Instructions for the task
The response should repeat word for word every line below from the one with "MONITOR SAMSUNG LED" to the one with "Gants Oxford HOLTON 2.0 - Noir Ref : OD0392", inclusive, and nothing else; leave pictures out.

Data for this task
>>>>

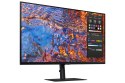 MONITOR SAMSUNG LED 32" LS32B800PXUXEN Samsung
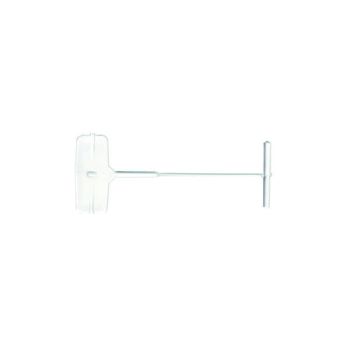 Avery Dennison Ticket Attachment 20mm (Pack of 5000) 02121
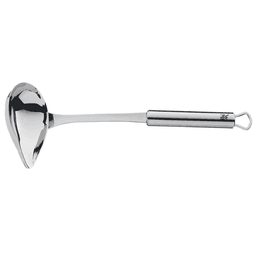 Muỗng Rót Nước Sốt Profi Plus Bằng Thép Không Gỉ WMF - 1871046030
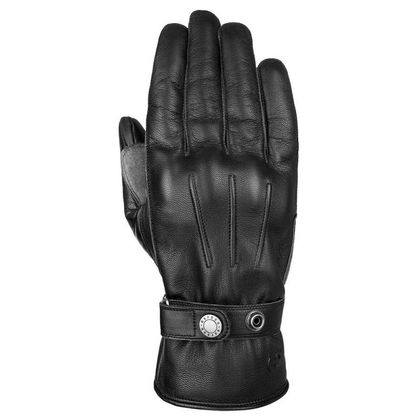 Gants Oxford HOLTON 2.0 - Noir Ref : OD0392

<<<<
>>>>

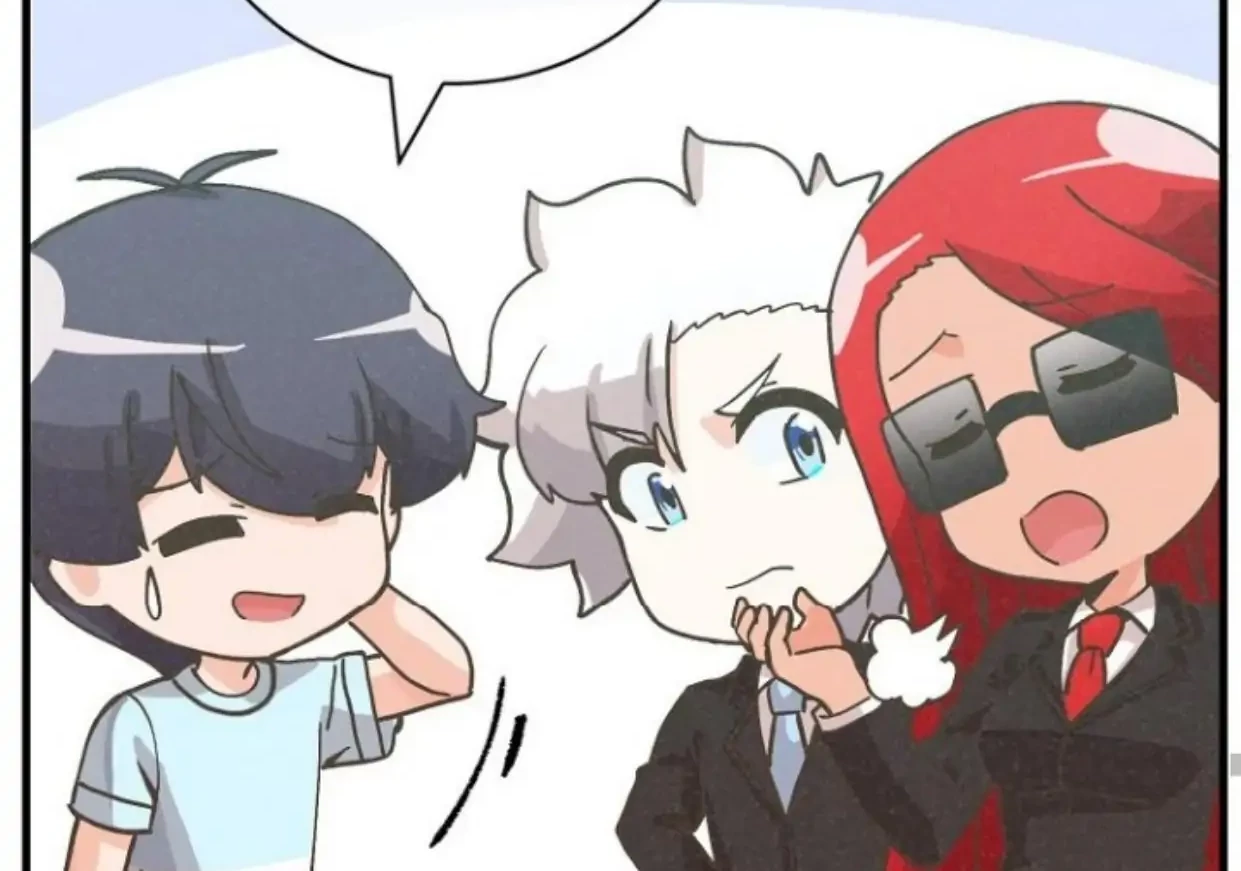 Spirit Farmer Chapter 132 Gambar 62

<<<<
>>>>

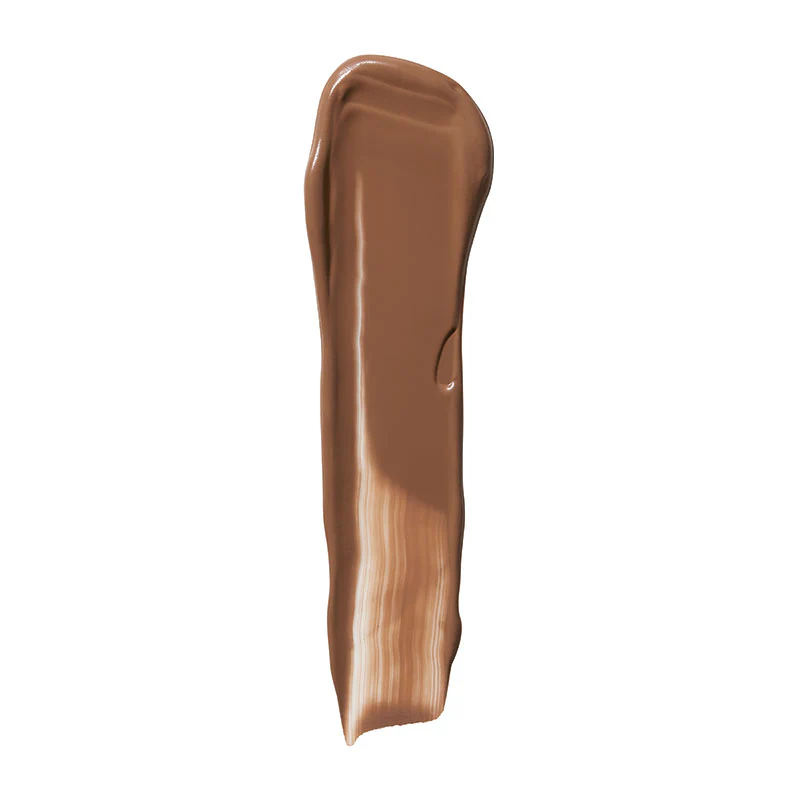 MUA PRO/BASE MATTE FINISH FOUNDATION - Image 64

<<<<

Written answer
 MONITOR SAMSUNG LED 32" LS32B800PXUXEN Samsung
 Avery Dennison Ticket Attachment 20mm (Pack of 5000) 02121
 Muỗng Rót Nước Sốt Profi Plus Bằng Thép Không Gỉ WMF - 1871046030
 Gants Oxford HOLTON 2.0 - Noir Ref : OD0392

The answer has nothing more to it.